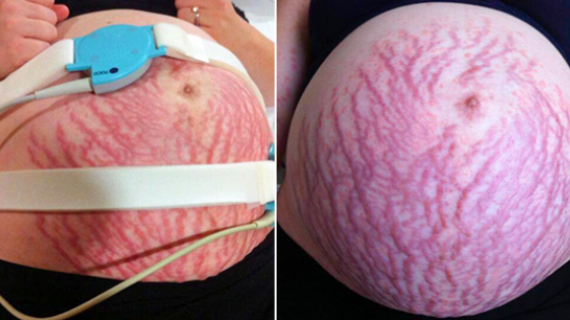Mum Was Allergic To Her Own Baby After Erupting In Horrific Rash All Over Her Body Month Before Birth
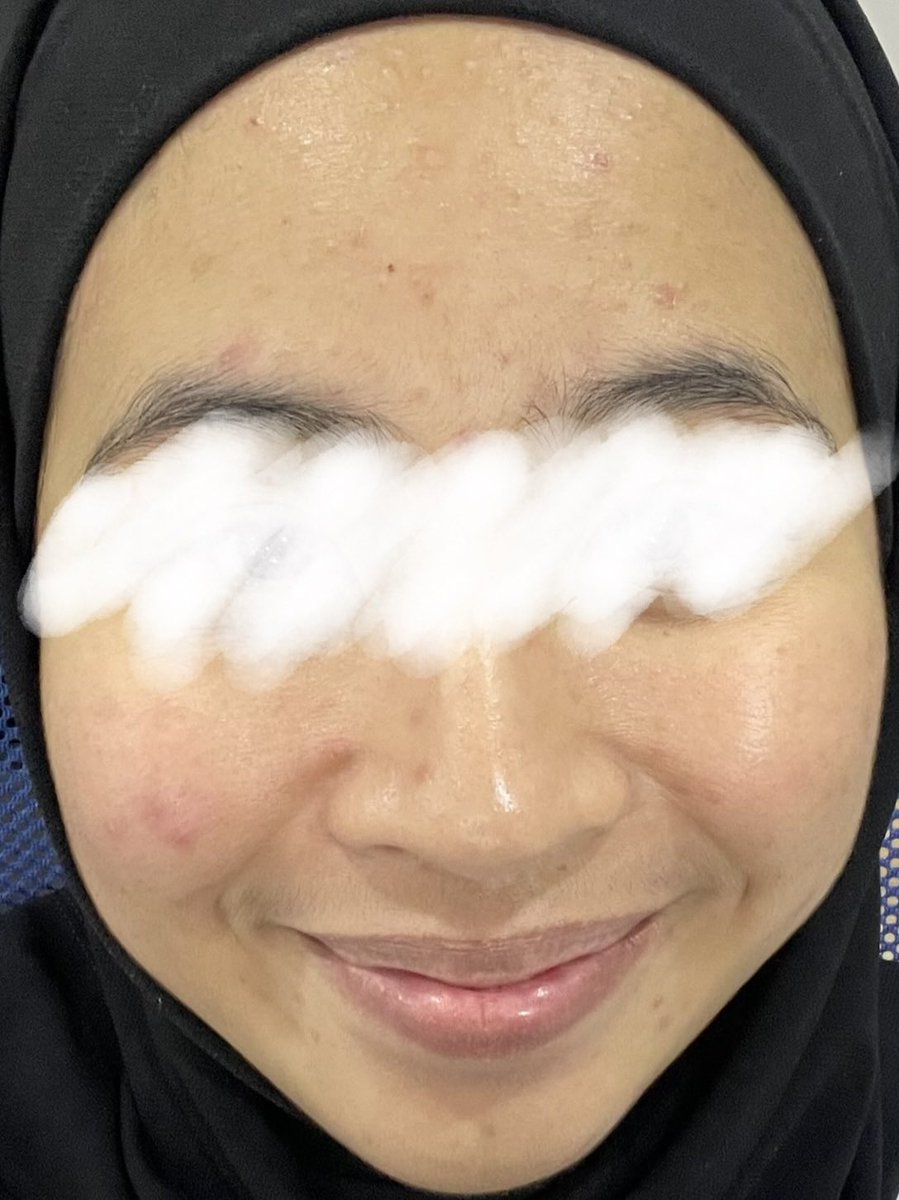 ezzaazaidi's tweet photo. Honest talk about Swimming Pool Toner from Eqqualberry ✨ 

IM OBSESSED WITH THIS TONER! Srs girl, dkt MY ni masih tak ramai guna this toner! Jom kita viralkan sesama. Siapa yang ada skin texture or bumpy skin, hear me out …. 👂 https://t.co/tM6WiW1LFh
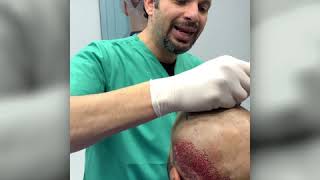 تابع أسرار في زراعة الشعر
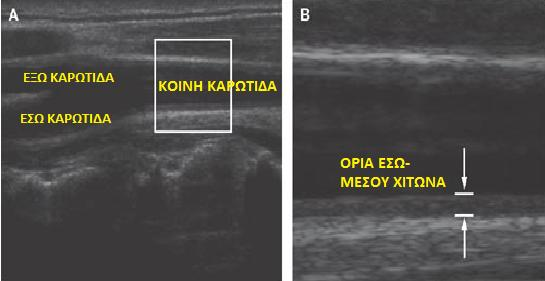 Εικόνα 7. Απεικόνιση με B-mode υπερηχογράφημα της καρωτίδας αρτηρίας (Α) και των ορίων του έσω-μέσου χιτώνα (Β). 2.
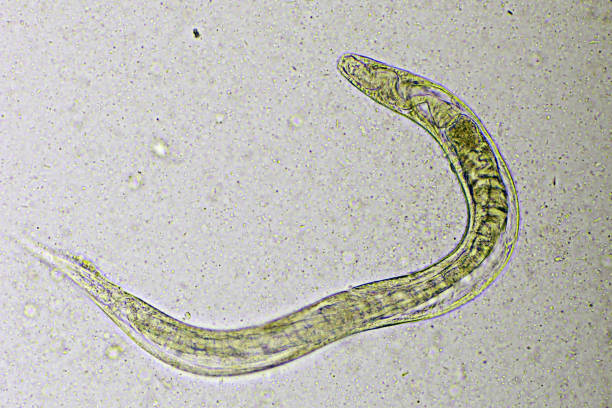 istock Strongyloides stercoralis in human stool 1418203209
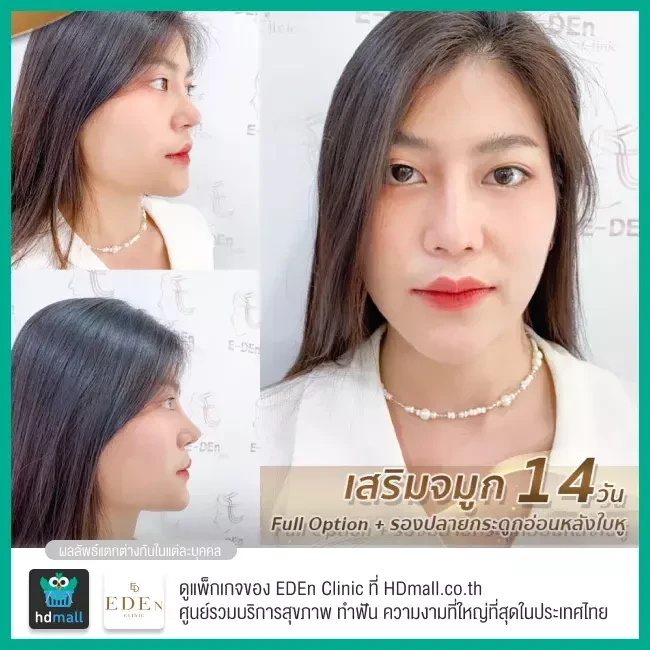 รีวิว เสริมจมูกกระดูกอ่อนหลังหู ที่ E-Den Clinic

----------------

What the task asks: Leave the pictures out and repeat exactly the lines from the beginning of the records to the line bearing "تابع أسرار في زراعة الشعر", both ends counted.

Solved problem:
Mum Was Allergic To Her Own Baby After Erupting In Horrific Rash All Over Her Body Month Before Birth
 ezzaazaidi's tweet photo. Honest talk about Swimming Pool Toner from Eqqualberry ✨ 

IM OBSESSED WITH THIS TONER! Srs girl, dkt MY ni masih tak ramai guna this toner! Jom kita viralkan sesama. Siapa yang ada skin texture or bumpy skin, hear me out …. 👂 https://t.co/tM6WiW1LFh
 تابع أسرار في زراعة الشعر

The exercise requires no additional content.